Click the Original, Code and Reconstruction tabs to read about the issues and how they were fixed.

Original


Source: reddit.dataisugly.


Objective

From my point of view, the objective of the original data visualisation is to see the difference height of female between countries more clearly and efficiently.

In this case, the visualization is not complex. The audience can be a non-technical person, a complex visualization may confuses a non-technical audience and prevents them from extracting value. In the most of situation, we can find this kind of visualization online.

The visualisation chosen had the following three main issues:

  • It is not clear where the y-axis starts in this visualization

    The visualization confuses people about the actual difference between these contries. For example, compare the height of Latvia and India in the visualization, it has 0.5 foot of difference. But the visualization shows Indian height just reach Latvia female’s knees which is impossible.

  • The use of colour scale is inappropriate

    This visualization uses three different colours represent 6 different countries of average height which is unnecessary and misleading. For example, Latvia and South Africa are using the same colour, different from other countries, but it does not seen to have any connection. It is important to use colour to differentiate important features.

  • The information of data is not accurate

    We can see from the visualization, it uses simple images of women to represent their average heights with non-standard unit foot. People may not know the height straight from the visualization. For example, the average female height in Australia, Scotland and Peru seem to be equal, But they are not. And the choice of country is not very strict and representative, Scotland is not really a country.

Reference

Code

The following code was used to fix the issues identified in the original.

library(ggplot2)
library(readxl)
average_height <- read_excel("~/Desktop/DV/Assignment/assignment2template1950/average height.xlsx")

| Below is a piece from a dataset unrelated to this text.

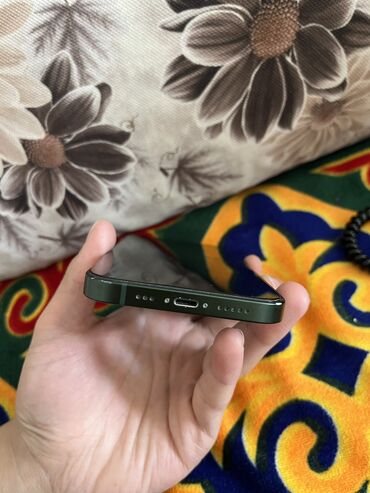 многофункциональный нож: IPhone 13, Б/у, 128 ГБ, Зеленый, Чехол, Кабель, 100 %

average_height$Country<-as.factor(average_height$Country)
average_height$Height<-as.numeric(average_height$Height)
barplot <- ggplot(data = average_height, aes(x=average_height$Country, y=average_height$Height,fill=Gender))
barplot <- barplot + geom_bar(stat="identity", position="dodge") +geom_text(aes(label = paste(Height,"(cm)",sep="")))+
  labs(title = "Average Height by Countries", x = "Country", y = "height(cm)") + theme_minimal() + scale_y_continuous(limits = c(0,200))

Data Reference

Height > Data Download > NCD-RisC. Ncdrisc.org. (2020). Retrieved 17 September 2020, from http://www.ncdrisc.org/data-downloads-height.html.

Reconstruction

The following plot fixes the main issues in the original.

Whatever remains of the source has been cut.